[Image-text web data]

◇ ◇ ◇ ◇ ◇ ◇ ◇

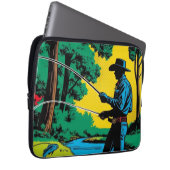 Visser op Riverbank Electronics Bag Laptop Sleeve (Voorkant Rechts)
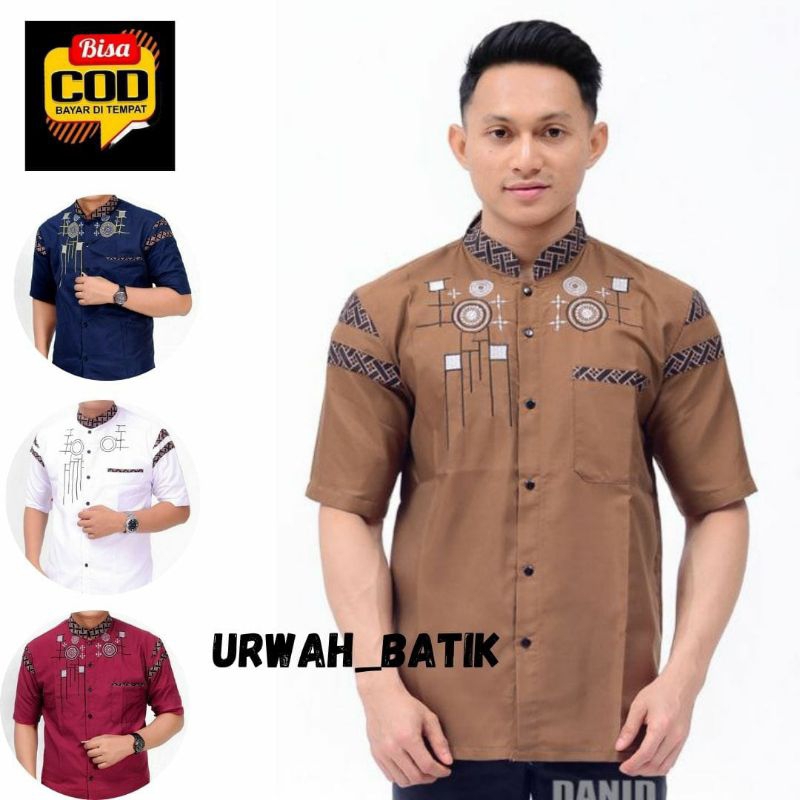 Shirt Men's Short Sleeve Embroidered Muslim Fashionkoko Sizes ML XL XXL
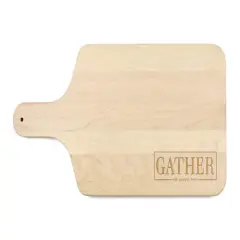 17" Gather Here with Grateful Hearts Maple Paddle Cutting Board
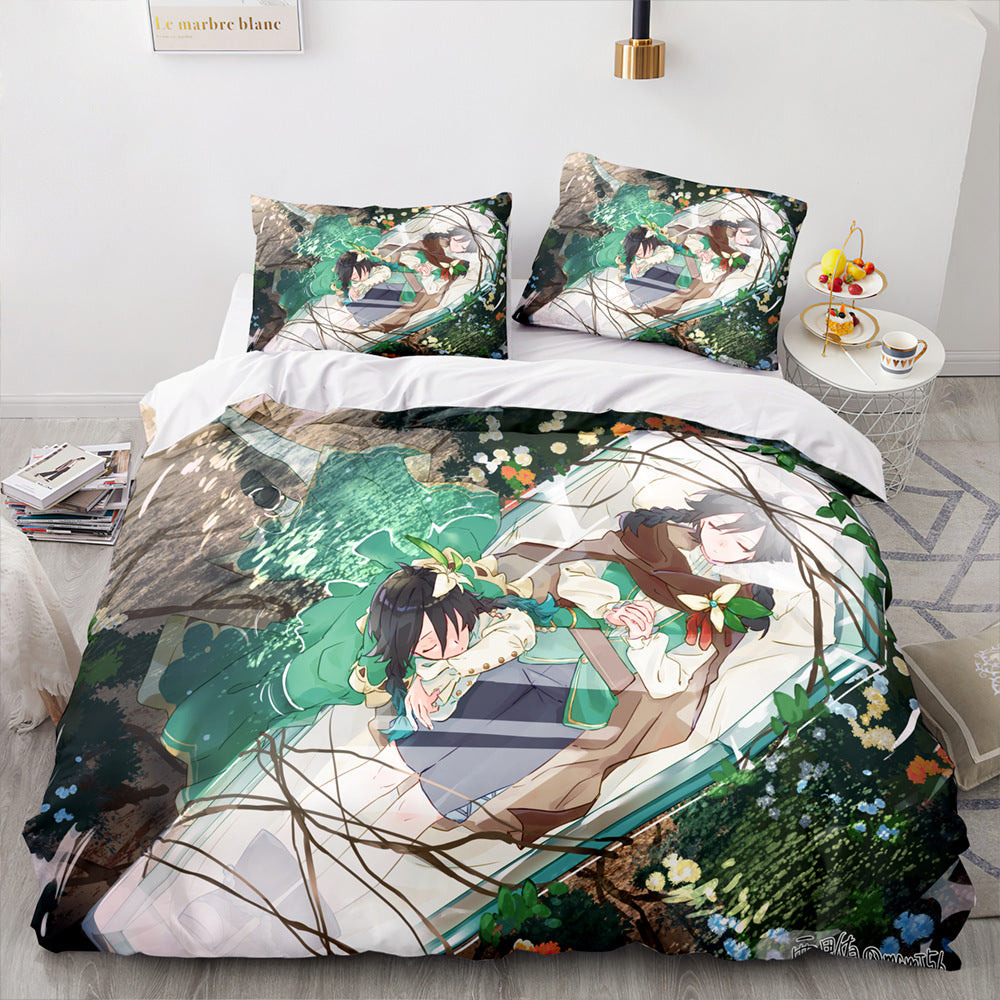 Game Genshin Impact Comforter Bedding Sets Quilt Bed Cover Duvet Cover Pillow Case 2-3 Pieces Sets Kids Adult Size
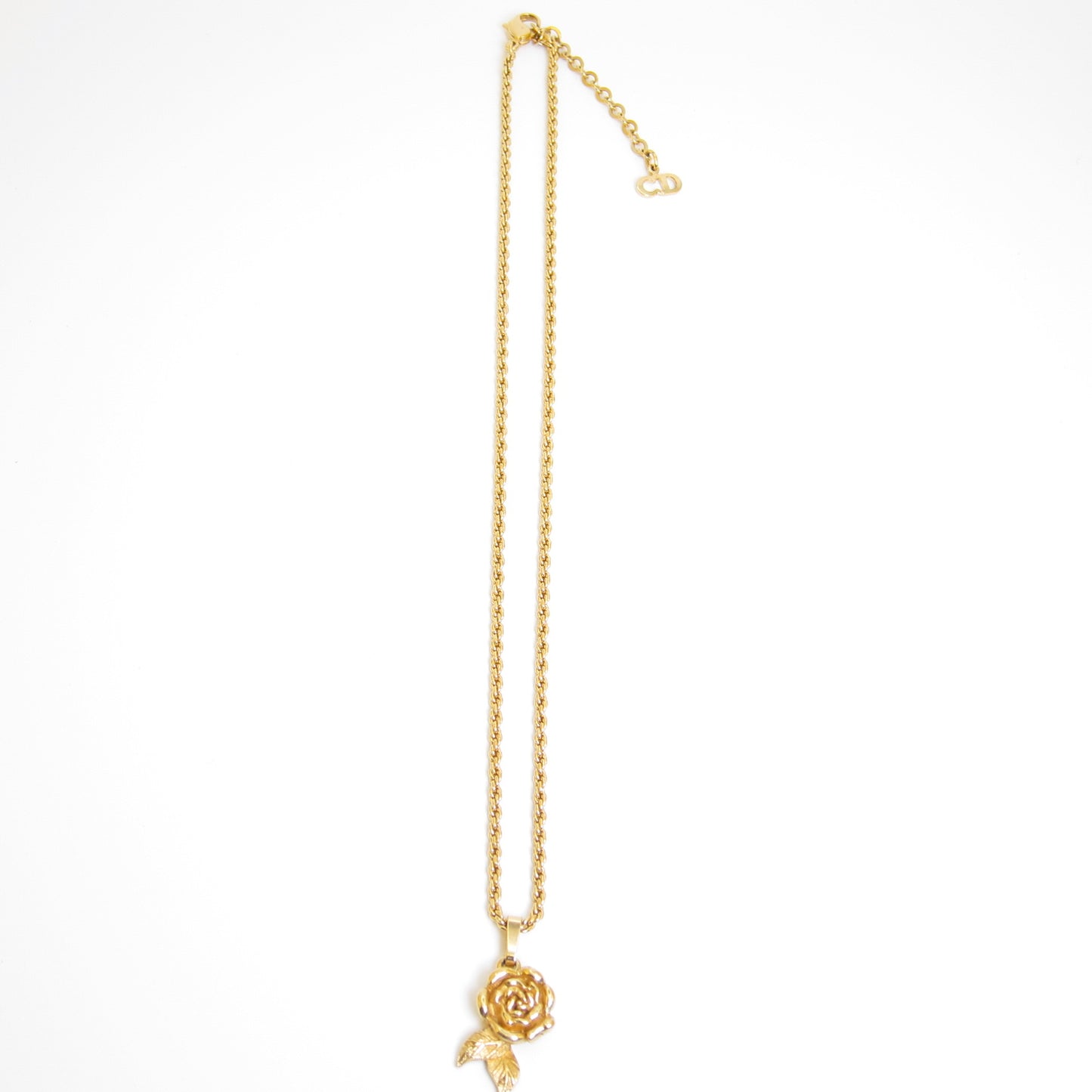 Christian Dior Vintage Rose Motif Golden Necklace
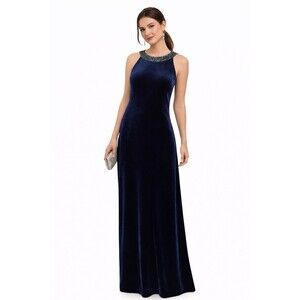 Vintage 90s Alex Evenings Navy Velvet Beaded Gown Sleeveless Size 4 Formal Prom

◇ ◇ ◇ ◇ ◇ ◇ ◇

DESCRIPTION OF THE TASK:
Where the line containing "Paddle Cutting Board" appears in the data above, begin there and output every line through the last, exactly and without pictures.

RESULT OF THE EXERCISE:
 17" Gather Here with Grateful Hearts Maple Paddle Cutting Board
 Game Genshin Impact Comforter Bedding Sets Quilt Bed Cover Duvet Cover Pillow Case 2-3 Pieces Sets Kids Adult Size
 Christian Dior Vintage Rose Motif Golden Necklace
 Vintage 90s Alex Evenings Navy Velvet Beaded Gown Sleeveless Size 4 Formal Prom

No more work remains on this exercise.